SUMBARTERKINI, Bukittinggi — Aksi demonstrasi mahasiswa dan elemen masyarakat kembali digelar pada Senin (1/9) di Kantor DPRD Kota Bukittinggi. Gelombang protes ini muncul dari kekecewaan mendalam terhadap kebijakan pemerintah dan wakil rakyat yang dinilai semakin jauh dari kepentingan masyarakat.

Presiden Mahasiswa UIN SMDD Bukittinggi, Ghazi Falih, menegaskan bahwa kondisi bangsa saat ini membuat rakyat kehilangan harapan. Ia menggambarkan Bung Hatta seakan menutup mata pada hari kemerdekaan 17 Agustus karena sedih melihat kondisi Indonesia. Ghazi menyayangkan guru yang semestinya disebut pahlawan tanpa tanda jasa justru dianggap sebagai beban negara, sementara rakyat terus diperas dengan kenaikan pajak. Pada saat yang sama, tunjangan DPR justru dinaikkan, sehingga menambah penderitaan masyarakat. Menurutnya, apabila DPR sudah tidak lagi membawa manfaat, maka lebih baik lembaga tersebut dibubarkan.

Senada dengan itu, Presiden Mahasiswa ITB HAS, Joehari Aditya Putra, menegaskan bahwa mahasiswa hari ini adalah pewaris cita-cita reformasi. Baginya, ketidakadilan telah merajalela karena suara rakyat tidak lagi didengar.
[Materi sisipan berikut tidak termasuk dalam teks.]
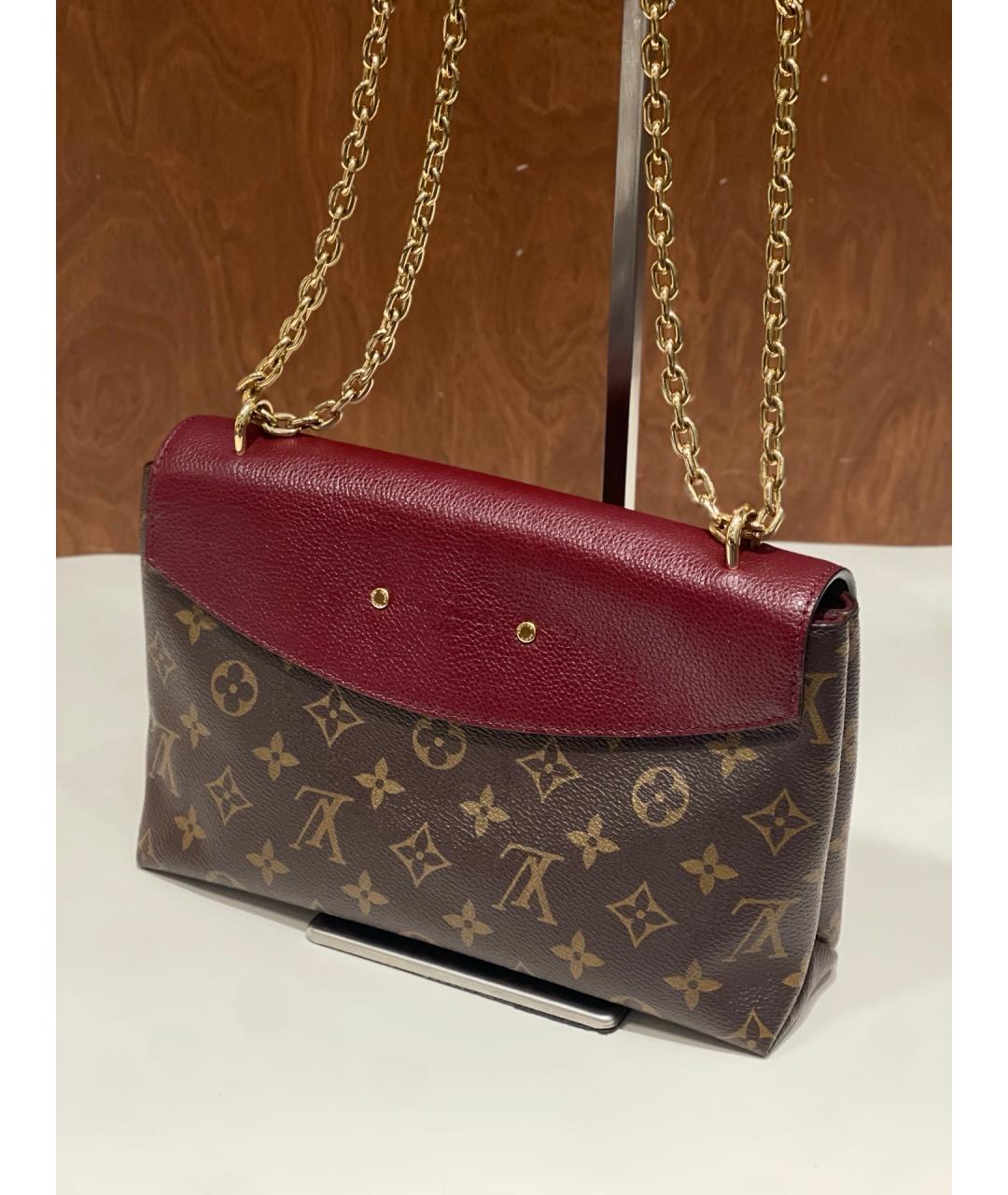 LOUIS VUITTON Бордовая кожаная сумка через плечо, фото 4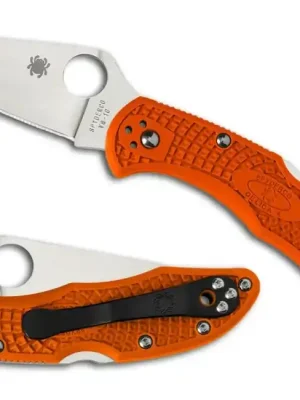 Ihned K Objednání Spyderco Delica 4 Lehký kapesní nůž s plochým výbrusem 7,5 cm, oranžový, FRN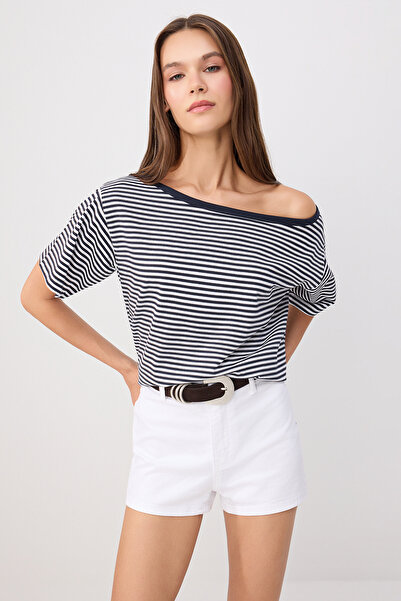 Trendyol Collection Multi-Colored Striped Regular/Normal Fit Asymmetric Neck ...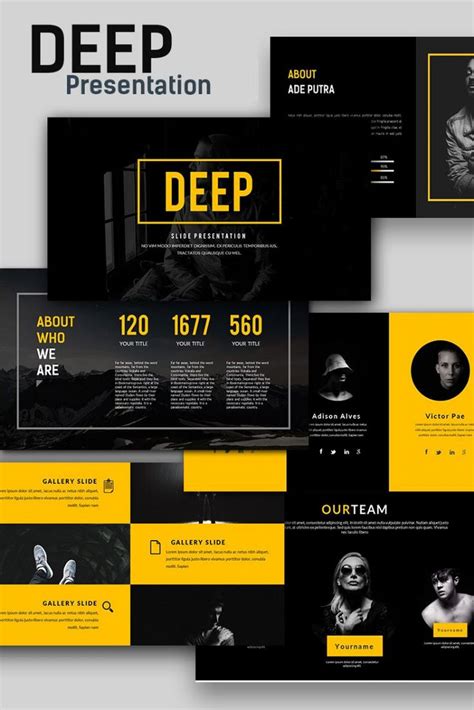 Deep Creative Presentation PowerPoint template for 18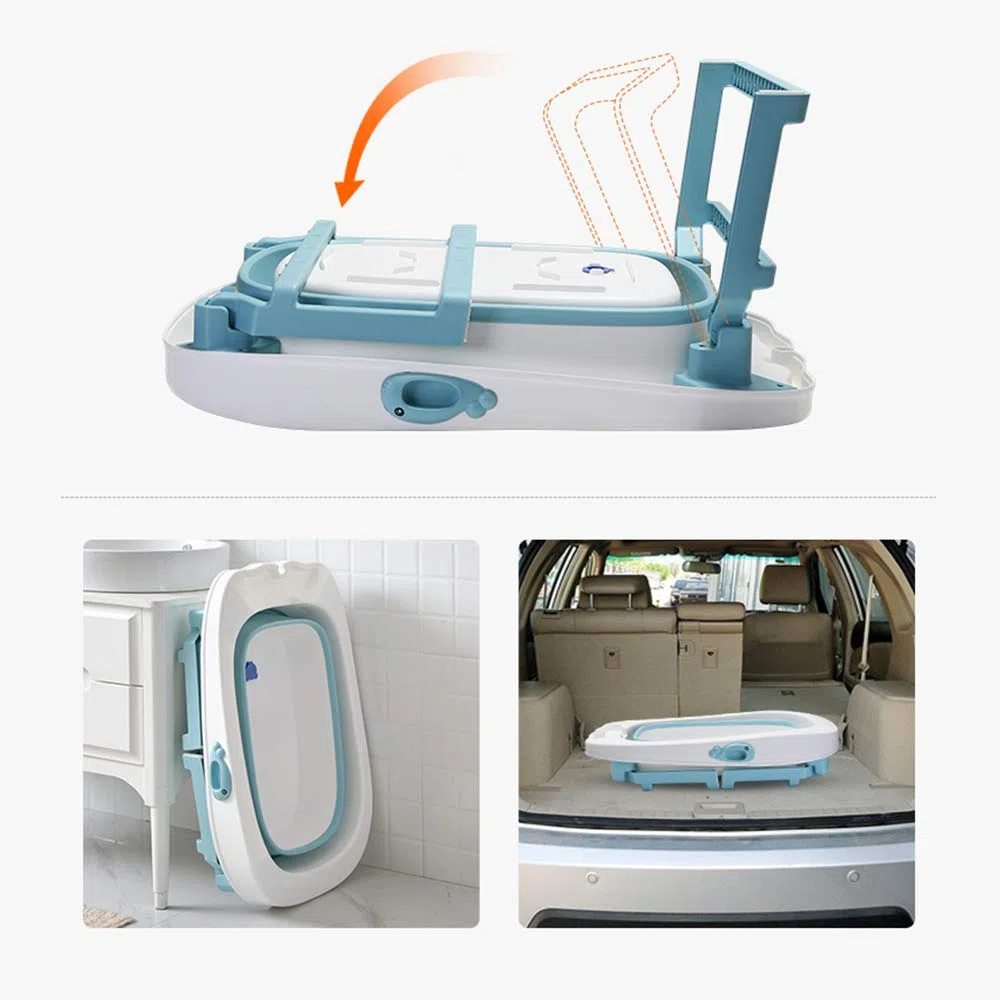 Grand Baignoire Pliable Bébé avec Siège, Douche Bebe XXL, Pieds Antidérapants, Bouchon de Vidange -3 en 1 Bassin de Douche Portable, 2-7 Ans (Bleu, 85.3x55.5x43.7cm)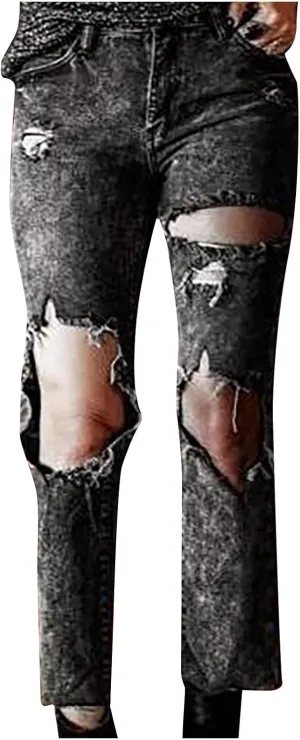 Womens Jeans High Waisted Tummy Control Skinny Denim Jeans Trendy Casual Ripped Stretchy Denim Pants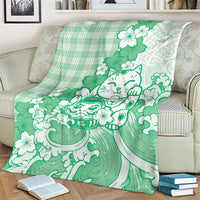 Green Palaka Hawaiian And Japanese Blanket Maneki Neko And Sakura Bloom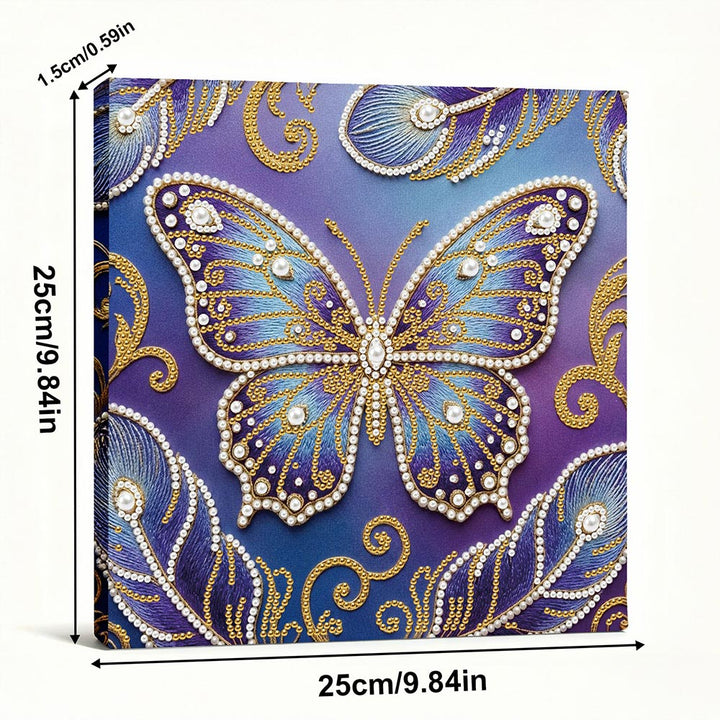 Diamond Painting | Parel Schilderij | Blauw-Paarse Vlinder en Veren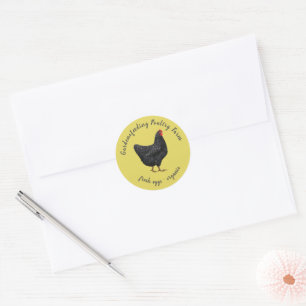 Yellow Black Chicken Monogram Farmhouse Classic Round Sticker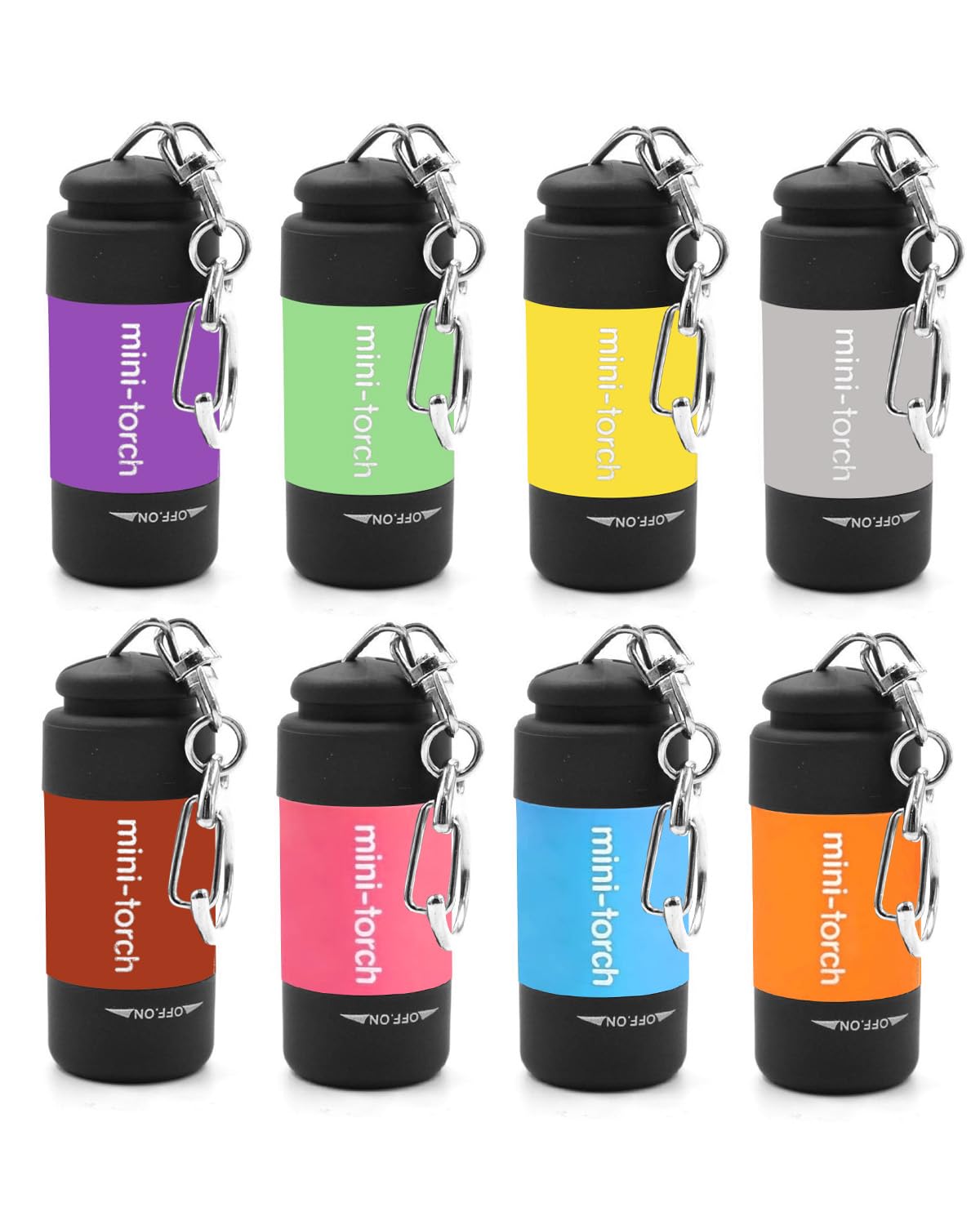 UCEC 8 Pack EDC Mini Torch Keyring, Rechargeable Keychain Flashlight, Pocket Keyring Torch USB Led Super Bright, Small UV Torches for Kids Party Bags, LED Pocket Flashlight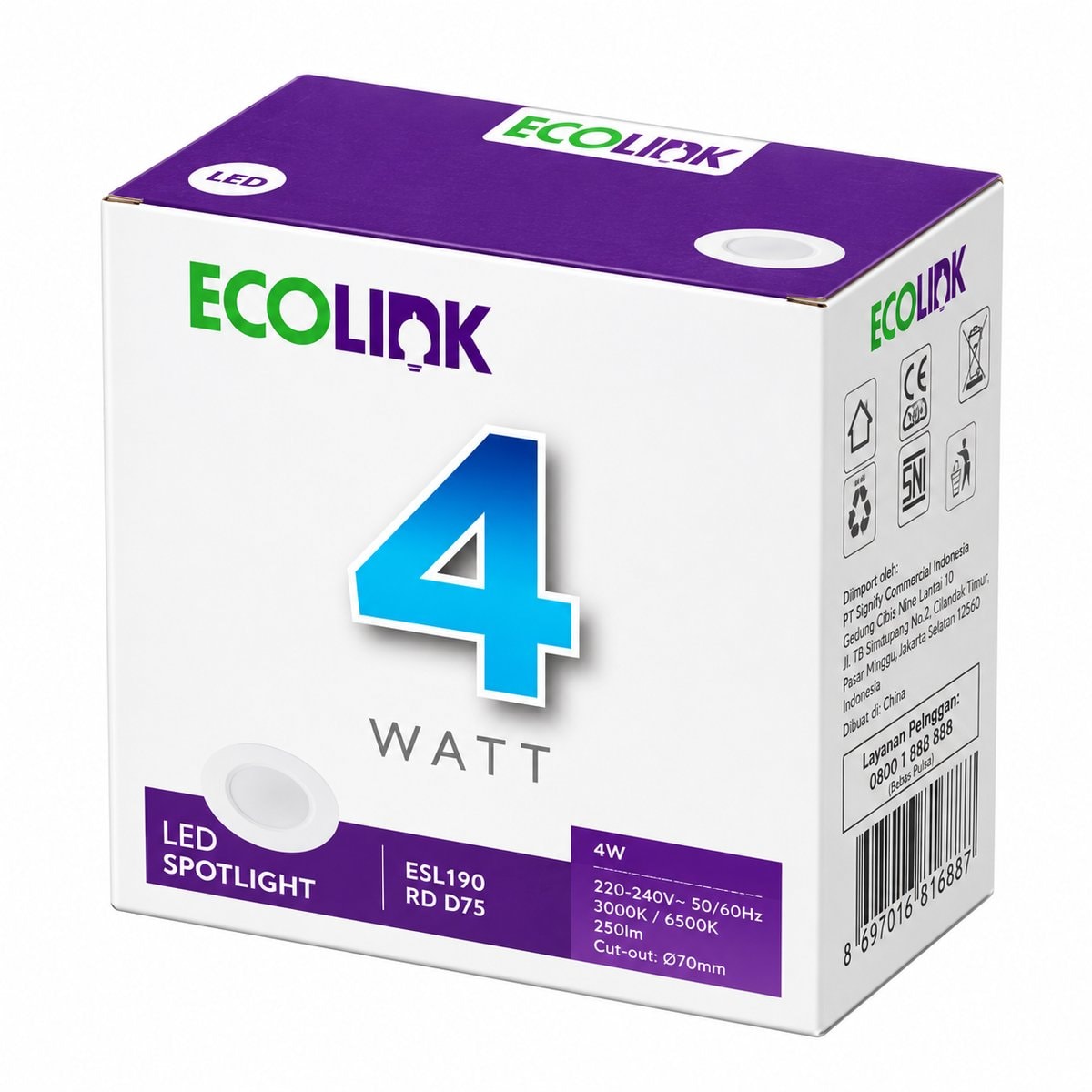 Đèn LED spotlight ESL190 EcoLink trên nền trắng, ảnh sản phẩm chính diện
Kritik keras juga datang dari Presiden Mahasiswa Universitas Fort de Kock, Agil Pratama, yang bahkan menuding DPR kini hanya pantas disebut “Dewan Perampok Rakyat.” Ia menilai pajak yang susah payah dibayarkan orang tua mahasiswa justru habis untuk kepentingan pribadi para wakil rakyat.
Dukungan moral datang dari tokoh masyarakat, Umi Cinto yang menyebut mahasiswa hanya ingin menyampaikan unek-unek rakyat. Ia menilai tidak pantas seorang menteri menyebut guru sebagai beban negara, apalagi ada anggota DPR yang merendahkan rakyat dengan sebutan tolol. Namun, Umi mengingatkan mahasiswa agar tetap menyampaikan aspirasi secara sopan dan tidak anarkis, sembari mendesak DPR agar mau mendengar suara rakyat.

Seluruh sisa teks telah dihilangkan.